Suxberger ressalta que as plataformas precisam assumir parte da responsabilidade pela segurança dos condutores e adotar medidas mais rigorosas de prevenção. “Há medidas que reduzem o risco a que os motoristas estão expostos, mas a questão consiste em saber se os aplicativos estão dispostos a suportar essas medidas”, observou. Ele defende a restrição do pagamento em dinheiro e o aprimoramento da identificação dos usuários. “O incremento das medidas de identificação pode, sim, representar maior segurança aos motoristas”, completa.

Reivindicações

O presidente do Sindicato dos Motoristas de Aplicativo e Autônomos do Distrito Federal (Sindmaap-DF), Marcelo Chaves, classifica o atual cenário de segurança para os profissionais da categoria como “extremamente preocupante”. Para tentar reverter esse quadro, o Sindmaap-DF vai apresentar à Secretaria de Segurança Pública (SSP/DF) uma pauta emergencial de reivindicações. “Vamos defender a implantação do reconhecimento facial dos passageiros, um programa semelhante ao ‘Vigia mais Motorista’, do Mato Grosso, e a integração tecnológica entre as plataformas e os sistemas de segurança pública”, enumera Chaves.

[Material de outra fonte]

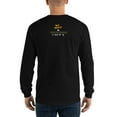 thumbnail image 6 of Bat Doodle Metal Series: Onyx Unisex graphic Long Sleeve Shirt, 6 of 10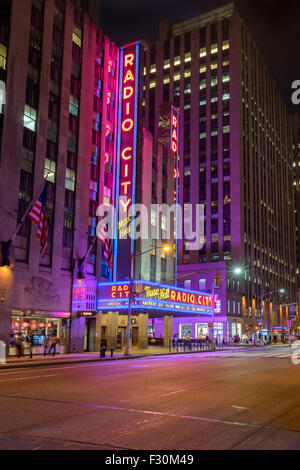 Radio City New York Stockfoto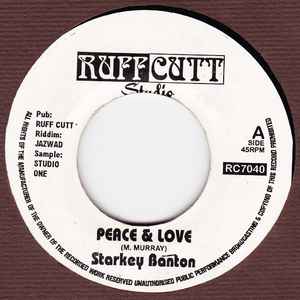 

7inch Record STARKEY BANTON - Peace & Love RC7040 Ruff Cutt UK Reggae, Ska & Dub Used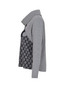 Side of the Polka Dot Cowl Top from Ever Sassy in the colors navy and gray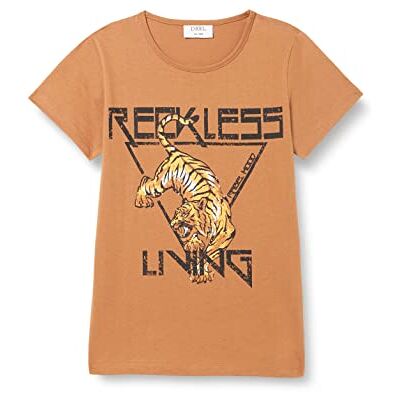 D-XEL T-shirt för flickor, Mörk sand, 8 År D-XEL T-shirt för flickor, Mörk sand, 8 År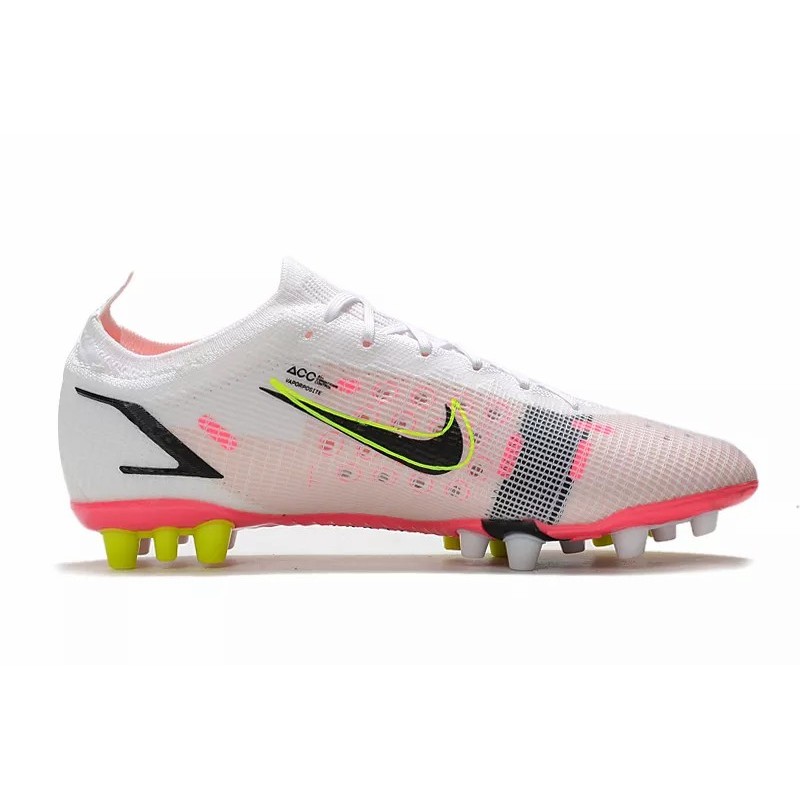 Botas de Fútbol Nike Mercurial Vapor 14 Elite AG Unisex Blanco&Rosado (#36~#45)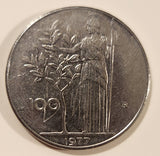 1977 Italy 100 Lire Stainless Steel Metal Coin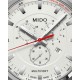 RELOJ MIDO MULTIFORT CHRONOGRAPH SILVER DIAL STAINLESS STEEL PARA CABALLERO M0054171103100 - Envío Gratuito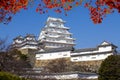 Beautiful himeji castal in the fall season, Japan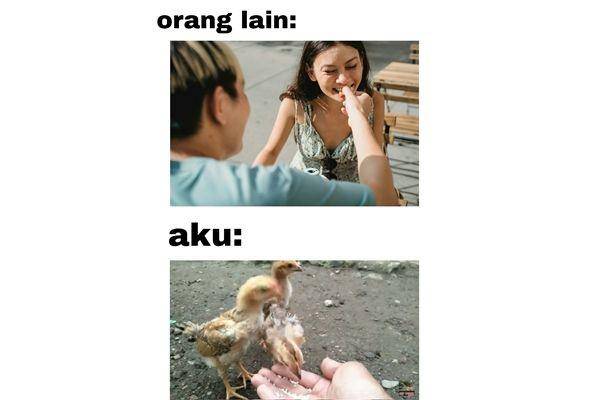 meme beda nasib (instagram.com/statuslucu_official)
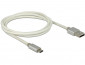 Delock 83916 USB-A apa - USB micro-B apa 1m - Fehér thumbnail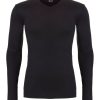 Heren Ten Cate Shirt Met Lange Mouwen | Ten Cate Heren Thermo V-Neck Longsleeve Black 090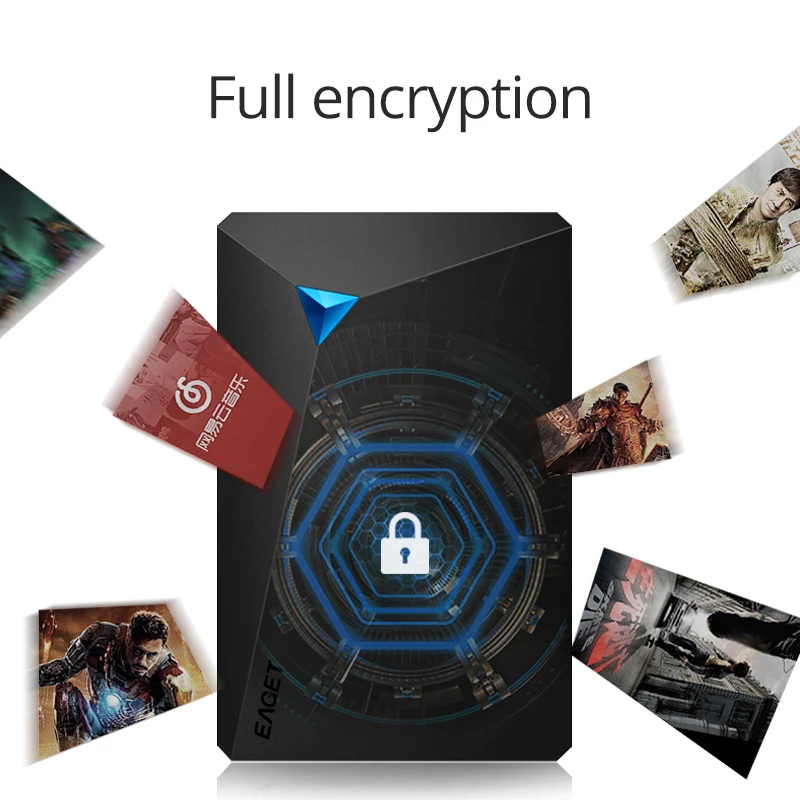 EAGET внешний жесткий диск 2 ТБ Шифрование 500 ГБ 1 высокое Скорость USB 3 0 HDD 5 рабочего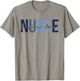 Retro Substance Abuse Nurse Gifts Nursing Apparel T-Shirt - T-Shirt | Sand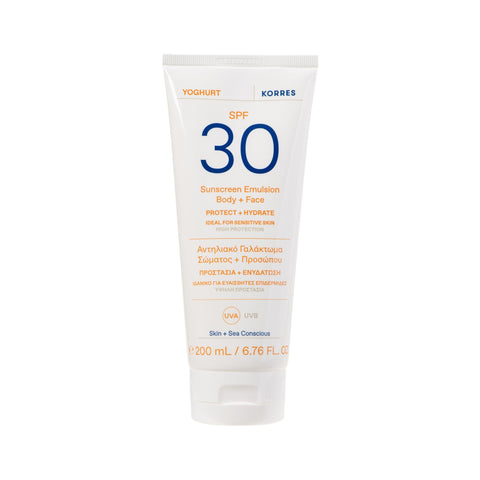 Yoghurt Sonnenschutz-Emulsion für Körper und Gesicht SPF 30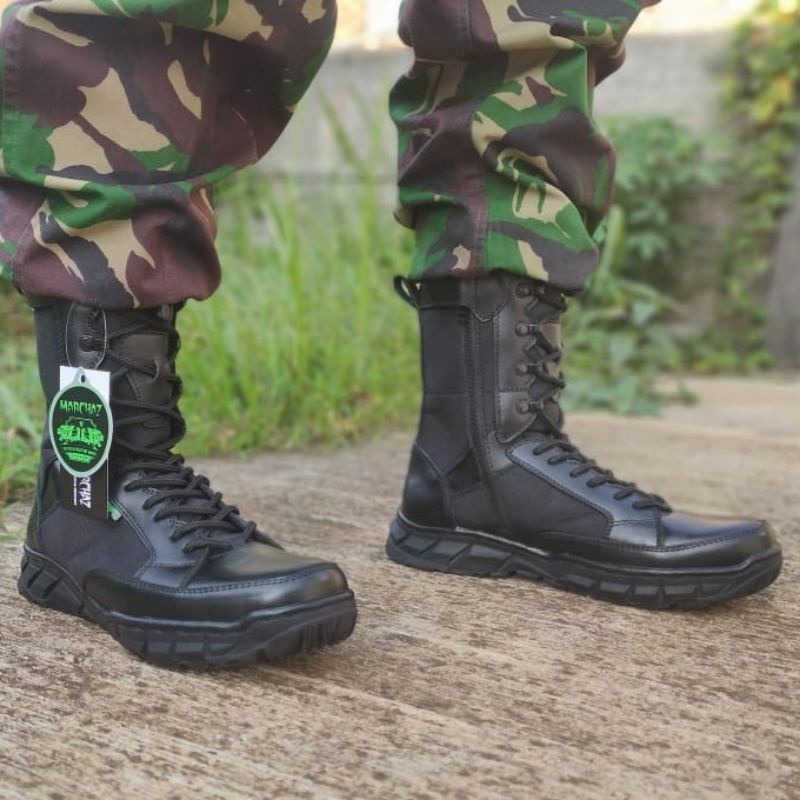 SEPATU PDL PROVOS TNI POLRI MARCHAZ KULIT SAPI ASLI SEPATU PDL PROVOS TNI POLRI SECURITY SATPAM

Ele também cobra mais responsabilidade das empresas de transporte por aplicativo que, segundo ele, têm oferecido pouco suporte aos trabalhadores. “O atendimento é automatizado, frio e burocrático. As famílias das vítimas ficam desamparadas e os motoristas sobreviventes raramente recebem apoio psicológico ou indenizações. As empresas lucram diariamente com o trabalho desses profissionais e têm o dever de garantir condições mínimas de segurança e amparo”, conclui.

O Correio entrou em contato com a SSP/DF. A pasta informou que, devido ao regime de plantão, por conta do Dia do Servidor, não conseguiria responder à demanda no prazo. Já a Uber disse que iniciou a integração do botão “Ligar para a Polícia” com o Centro de Operações da Polícia Militar do Distrito Federal (190), permitindo que, ao acionar o recurso no aplicativo, a localização em tempo real e as informações da viagem sejam enviadas automaticamente às autoridades. Além disso, a empresa anunciou o início de um novo processo de verificação de usuários no Brasil, com selo de checagem, que será mostrado ao motorista antes da corrida.

Entramos também em contato com a 99 App, que não se manifestou até o momento. O espaço segue aberto.